Hillsborough County elementary teacher Rennex Franklin freely admits he likes to talk: “I can talk a lot, I talk fast, I have a lot of ideas I want to share. I recognize that.” Despite—or, perhaps, because of—his propensity for talking, Rennex recognizes the power of discourse for students.
Rennex provided our education team a glimpse of his pedagogical approach:
“I intentionally structure my classroom to support respectful conversations between students. Whatever topic we are studying, I pose questions that students can take, make connections with and move from there. I’m interested in seeing what students do with a question—what they create and invent by answering it. I start with open-ended questions based on what we are studying and follow-up with supporting questions that sometimes push the conversation in areas I think student should explore and other times to let students go. I will never respond to a student’s idea by saying ‘yes, that is right’ or just agree with a comment. That cuts off their conversation. I try to remove myself—which is hard at first—while making sure they know what they are supposed to know.”

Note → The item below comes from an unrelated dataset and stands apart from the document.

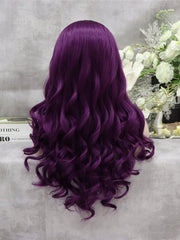 Purple Long Wavy Synthetic Lace Front Wig - Everyday Wigs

Rennex further explains some of the strategies he uses to assess what students know and to push on their conversation. For example, Rennex watches to see if students are using content vocabulary in their conversation and whether or not they are taking a concept they are learning and applying it to new ideas or circumstances. In Rennex’s words, “Are students owning the content?”
In math, for example, he might take the topic of fractions and, as students begin to speak, he checks to see if they are incorporating specific math language such as numerator, denominator and parts of a whole. Are students following the mathematic process for solving fractions? Are they making connections to how they use or could use fractions in their daily lives? What are those connections and how are students building upon each other’s understanding of the concept? As Rennex summarizes, “What teachers do in terms of scaffolding, can the kids do that for each other? I organize my lessons to allow for that.”
In 2009, the Foundation funded the Measures of Effective Teaching (MET) project to capture the types of strong practices teachers such as Rennex use. The purpose was to build and test measures of effective teaching to inform teacher evaluation and professional learning systems. The project recently culminated in a final report and tools which can be found here.
Rennex participated in MET’s research stage and is now one of 300 teachers who is helping the project move from research to practice. The next phase is to build a video library of practice for use in professional development. Rennex and his colleagues will record more than 50 lessons each for the MET project to make available to states, school districts, and other organizations. The new video library will allow educators to see and analyze great teaching in action.
The notion of capturing and sharing effective teaching with other teachers is what convinced Rennex to continue with the project. According to Rennex, “I’m interested in the possibility of helping new teachers learn, of making their teaching easier for them, of providing them with concrete examples of strategies that support student engagement and learning. Seeing clips of effective teaching strategies would have helped me greatly as I prepared to become a teacher. I remember thinking exactly that in my teacher certification program. I wanted to see many different examples of what people considered to be good teaching.